Bonamico M, Mariani P, Thanasi E, Ferri M, Nenna R, Tiberti C, Mora B, Mazzilli MC, Magliocca FM. Patchy villous atrophy of the duodenum in childhood celiac disease. J Pediatr Gastroenterol Nutr. 2004 Feb;38(2):204-7.
Lee SK, Green PH. Endoscopy in celiac disease. Curr Opin Gastroenterol. 2005;21:589-94.
Magliocca FM, Bonamico M, Petrozza V, Correr S, Montuori M, Triglione P, Carpino F. Arch Histol Cytol. Scanning electron microscopy of the small intestine during gluten-challenge in celiac disease. 1992;55 Suppl:125-30.

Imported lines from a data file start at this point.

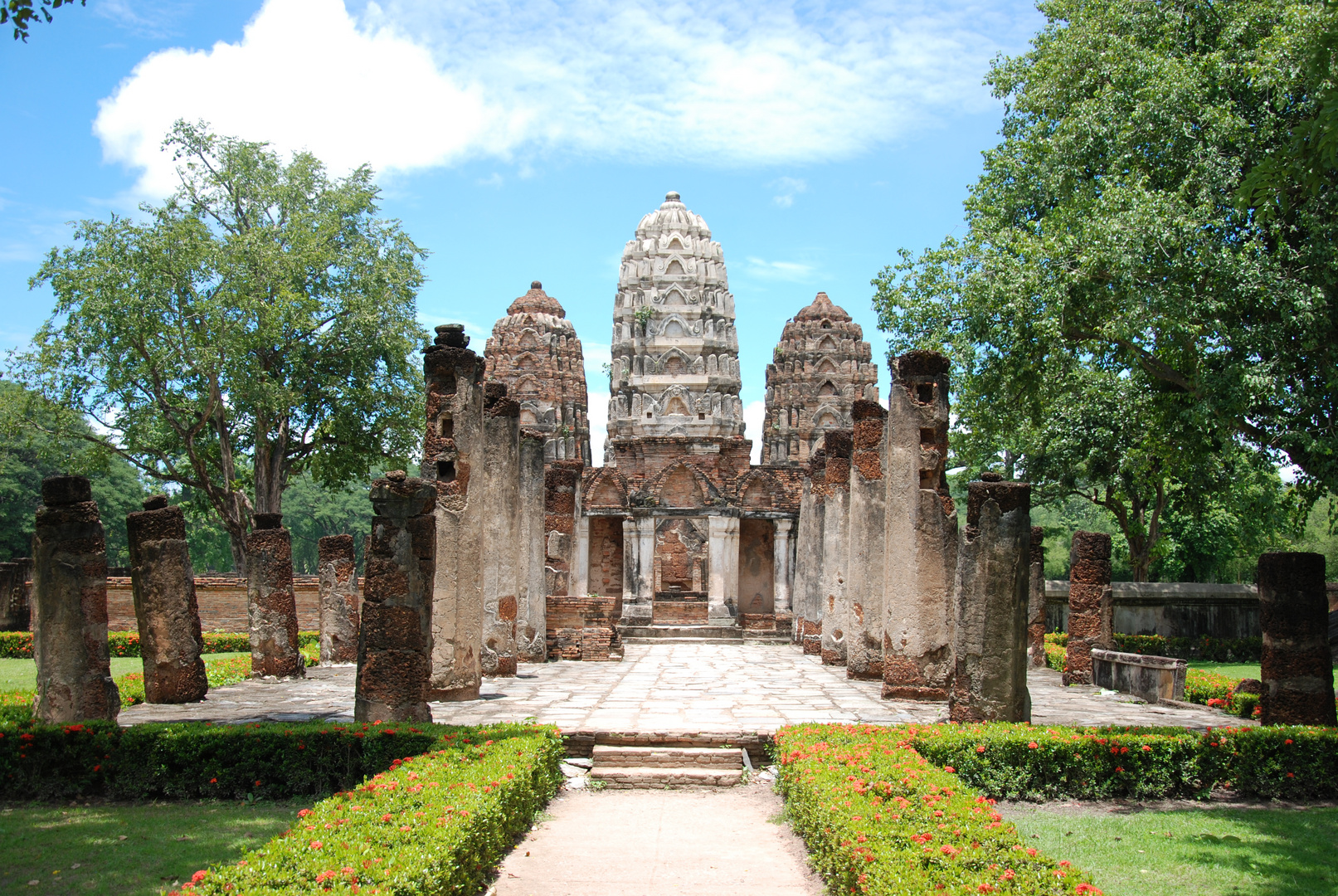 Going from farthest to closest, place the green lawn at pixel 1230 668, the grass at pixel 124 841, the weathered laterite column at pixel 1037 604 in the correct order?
the green lawn at pixel 1230 668, the weathered laterite column at pixel 1037 604, the grass at pixel 124 841

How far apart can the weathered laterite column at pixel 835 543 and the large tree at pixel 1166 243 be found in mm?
2697

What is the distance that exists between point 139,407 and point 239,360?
3.61 meters

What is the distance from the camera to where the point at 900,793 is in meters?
6.84

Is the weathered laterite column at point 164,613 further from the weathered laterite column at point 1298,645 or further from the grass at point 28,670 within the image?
the weathered laterite column at point 1298,645

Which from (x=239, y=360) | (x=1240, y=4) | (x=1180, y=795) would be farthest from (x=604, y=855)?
(x=239, y=360)

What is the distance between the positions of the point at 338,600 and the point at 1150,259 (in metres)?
13.7

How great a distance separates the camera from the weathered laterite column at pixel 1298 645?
10.4 m

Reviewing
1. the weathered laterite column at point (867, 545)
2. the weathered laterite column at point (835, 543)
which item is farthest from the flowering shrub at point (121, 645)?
the weathered laterite column at point (867, 545)

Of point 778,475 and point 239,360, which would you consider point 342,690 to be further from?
point 778,475

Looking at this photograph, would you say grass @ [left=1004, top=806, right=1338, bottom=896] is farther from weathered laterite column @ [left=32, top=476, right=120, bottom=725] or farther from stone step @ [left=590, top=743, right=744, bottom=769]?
weathered laterite column @ [left=32, top=476, right=120, bottom=725]

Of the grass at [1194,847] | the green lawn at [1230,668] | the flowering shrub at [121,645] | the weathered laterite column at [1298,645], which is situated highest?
the weathered laterite column at [1298,645]

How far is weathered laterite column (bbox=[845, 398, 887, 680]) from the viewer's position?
47.4 ft

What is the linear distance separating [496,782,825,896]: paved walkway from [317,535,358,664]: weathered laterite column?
949cm

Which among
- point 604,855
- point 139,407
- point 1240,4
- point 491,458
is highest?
point 1240,4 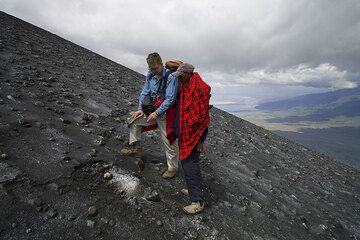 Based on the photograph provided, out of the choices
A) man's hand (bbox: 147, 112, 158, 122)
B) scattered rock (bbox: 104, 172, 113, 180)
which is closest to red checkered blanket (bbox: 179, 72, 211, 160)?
man's hand (bbox: 147, 112, 158, 122)

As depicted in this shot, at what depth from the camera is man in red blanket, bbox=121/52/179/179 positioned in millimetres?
5958

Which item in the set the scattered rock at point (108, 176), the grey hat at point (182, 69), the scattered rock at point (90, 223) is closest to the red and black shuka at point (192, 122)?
the grey hat at point (182, 69)

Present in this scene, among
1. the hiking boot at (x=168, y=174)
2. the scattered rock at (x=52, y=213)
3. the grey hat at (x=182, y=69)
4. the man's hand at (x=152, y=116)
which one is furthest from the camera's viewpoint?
the hiking boot at (x=168, y=174)

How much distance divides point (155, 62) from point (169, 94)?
77 cm

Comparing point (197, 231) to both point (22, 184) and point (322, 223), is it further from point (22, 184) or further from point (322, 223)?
point (322, 223)

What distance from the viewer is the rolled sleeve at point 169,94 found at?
584 cm

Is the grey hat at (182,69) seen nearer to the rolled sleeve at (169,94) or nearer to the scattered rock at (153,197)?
the rolled sleeve at (169,94)

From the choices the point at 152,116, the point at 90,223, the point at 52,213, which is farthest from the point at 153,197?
the point at 52,213

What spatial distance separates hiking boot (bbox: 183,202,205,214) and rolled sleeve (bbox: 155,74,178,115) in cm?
222

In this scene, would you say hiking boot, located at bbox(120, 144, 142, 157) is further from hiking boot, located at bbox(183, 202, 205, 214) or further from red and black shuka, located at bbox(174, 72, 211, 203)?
hiking boot, located at bbox(183, 202, 205, 214)

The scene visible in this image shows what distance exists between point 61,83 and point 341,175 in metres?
17.6

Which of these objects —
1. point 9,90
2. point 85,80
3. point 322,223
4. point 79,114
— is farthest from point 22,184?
point 85,80

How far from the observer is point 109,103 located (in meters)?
12.7

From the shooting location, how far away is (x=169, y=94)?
594 centimetres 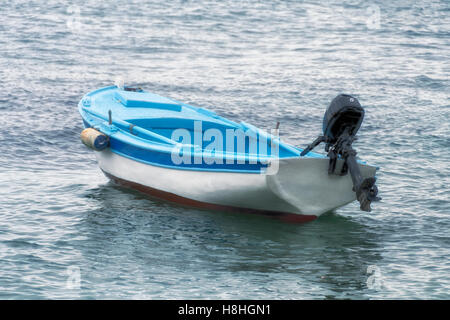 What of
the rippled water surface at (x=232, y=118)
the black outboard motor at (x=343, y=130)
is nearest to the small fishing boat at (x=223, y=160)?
the black outboard motor at (x=343, y=130)

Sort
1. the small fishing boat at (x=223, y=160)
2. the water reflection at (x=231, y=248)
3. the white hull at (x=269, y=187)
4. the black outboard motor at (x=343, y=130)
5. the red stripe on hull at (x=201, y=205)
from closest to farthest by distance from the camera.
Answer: the water reflection at (x=231, y=248), the black outboard motor at (x=343, y=130), the small fishing boat at (x=223, y=160), the white hull at (x=269, y=187), the red stripe on hull at (x=201, y=205)

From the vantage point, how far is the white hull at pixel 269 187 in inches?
454

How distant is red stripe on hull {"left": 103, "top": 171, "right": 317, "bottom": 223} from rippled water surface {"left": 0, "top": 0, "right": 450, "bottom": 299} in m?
0.13

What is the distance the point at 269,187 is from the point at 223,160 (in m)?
0.93

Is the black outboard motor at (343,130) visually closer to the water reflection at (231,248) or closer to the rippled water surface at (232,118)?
the water reflection at (231,248)

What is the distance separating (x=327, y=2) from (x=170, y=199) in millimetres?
27596

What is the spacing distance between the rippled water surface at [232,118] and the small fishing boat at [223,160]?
1.24 ft

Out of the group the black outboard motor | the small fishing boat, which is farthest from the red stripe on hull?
the black outboard motor

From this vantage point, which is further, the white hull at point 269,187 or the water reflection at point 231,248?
the white hull at point 269,187

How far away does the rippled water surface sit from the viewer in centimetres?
1039

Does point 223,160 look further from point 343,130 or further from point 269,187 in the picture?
point 343,130

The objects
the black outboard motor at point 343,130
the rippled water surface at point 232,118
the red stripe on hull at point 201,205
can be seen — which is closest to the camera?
the rippled water surface at point 232,118

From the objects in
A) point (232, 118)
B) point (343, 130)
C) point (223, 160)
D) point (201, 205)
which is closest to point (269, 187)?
point (223, 160)

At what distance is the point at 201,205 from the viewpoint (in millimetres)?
12922
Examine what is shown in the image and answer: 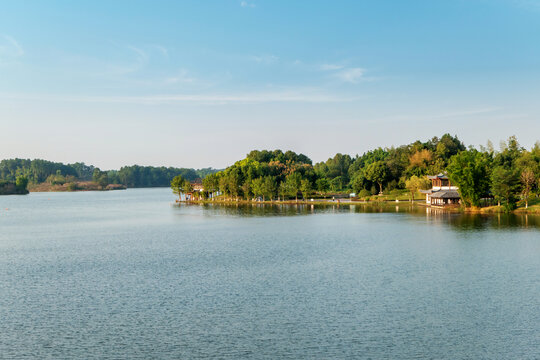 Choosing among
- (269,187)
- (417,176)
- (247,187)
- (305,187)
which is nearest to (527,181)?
(417,176)

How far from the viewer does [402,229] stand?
63.6 meters

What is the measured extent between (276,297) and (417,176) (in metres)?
105

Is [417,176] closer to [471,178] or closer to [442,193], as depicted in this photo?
[442,193]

Marsh MN. Gluten, major histocompatibility complex, and the small intestine. A molecular and immunobiologic approach to the spectrum of gluten sensitivity (‘celiac sprue’). Gastroenterology. 1992; 102:330-54
Oberhuber G., Granditsch G., and Vogelsang H. 1999. The histopathology of coeliac disease: time for a standardized report scheme for pathologists. Eur J Gastroenterol Hepatol 11:1185-1194
Sbarbati A, Valletta E, Bertini M, Cipolli M, Morroni M, Pinelli L, Tat L. Gluten sensitivity and normal histology: is the intestinal mucosa really normal? Dig Liver Dis. 2003;35:768-73.